Lasciamo per un attimo in sospeso l’analisi del testo per tornare all’aspetto formale-stilistico. Ungaretti già nel primo verso prova la necessità di razionalizzare il contesto che sta per descrivere e lo fa come di consueto con l’insistente utilizzo dell’aggettivo dimostrativo. È il suo modo per ancorarsi alla realtà, sentirsi vivo e parte integrante del cosmo, la “docile fibra” tanto agognata nella poesia I fiumi.
Ma nella particolare condizione descritta in Sono una creatura è possibile? Direi di sì, anzi, più che mai. Nella seconda strofa il poeta paragona il suo pianto alla pietra appena descritta: è un pianto disperato e impotente, esausto ma soprattutto è un pianto invisibile. La lacrime profuse non hanno migliore esito delle gocce di pioggia che cadono su quei luoghi poiché come esse vengono inghiottite nel buio delle cavità carsiche, non diversamente dalle urla disperate che nella poesia Solitudine sprofondano impaurite nelle distanze incolmabili della volta celeste.
Dopo questa strofa, con un arditissimo processo analogico il poeta conclude con l’enigmatica terzina: la morte si sconta vivendo. Cosa significa scontare la morte e soprattutto come e perché questo accade vivendo? Io credo che la migliore risposta possiamo trovarla com’è logico tra i versi dello stesso Ungaretti, in particolare nella tragica San Martino del Carso. Dopo aver evocato le case di San Martino ridotte a “brandelli” il suo pensiero va ai compagni caduti, dei quali “non è rimasto neppure tanto”; ma poi, soprattutto, nei versi che seguono:
Ma nel cuore nessuna croce manca È il mio cuore il paese più straziato
Quindi, come possiamo facilmente intuire, è il tormento che attanaglia il superstite di una tragedia alla quale è scampato non per meriti propri, è il senso di colpa del sopravvissuto, nonostante tutto, almeno fino a quel punto. Come non tornare col pensiero compagno caduto e congelato l’antivigilia di Natale del ’15 della poesia Veglia, o gli uomini appiattati nelle trincee come lumache nel guscio mentre sopra si spara, crivellando l’aria e i corpi, come narrato nella poesia In dormiveglia, scritta appena il giorno successivo di Sono una creatura.

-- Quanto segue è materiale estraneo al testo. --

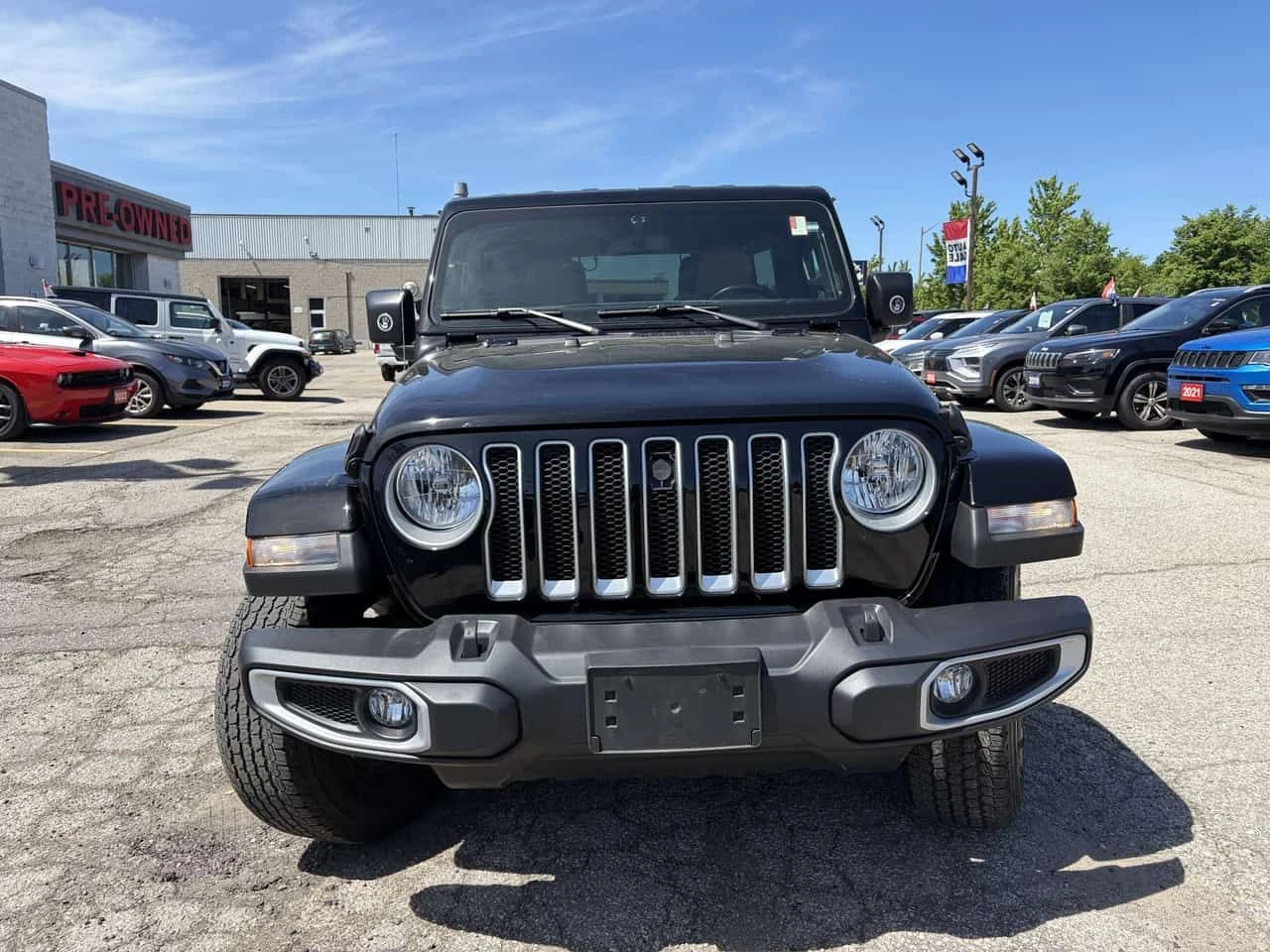 Jeep Wrangler * Sahara V6, Leather Seats, Remote Start * CARFAX , снимка 2 - Автомобили и джипове - 54896477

Ungaretti tradisce qui una spossatezza dalla quale pare non potersi più risollevare, e ancora di più, il cuore pesante si fa sentire pochi mesi dopo, nel solitario abbandono di Natale, nel successivo 1916, trascorso appartato accanto al focolare mentre fuori si affollano gomitoli di luci e di persone affannate. Ci fa sentire la torbida eredità di una guerra che ha rimodellato per sempre i corpi quanto gli animi di chi l’ha combattuta.
E allora, tornando alla refrattarietà della pietra del San Michele, sembra quasi una punizione contro gli uomini: tanto contro la loro folle arroganza quanto contro la loro disperazione. Davanti all’immane tragedia della Grande guerra anche la pietra sembra distogliere lo sguardo, rimanendo fredda e insensibile perfino di fronte al pianto più doloroso.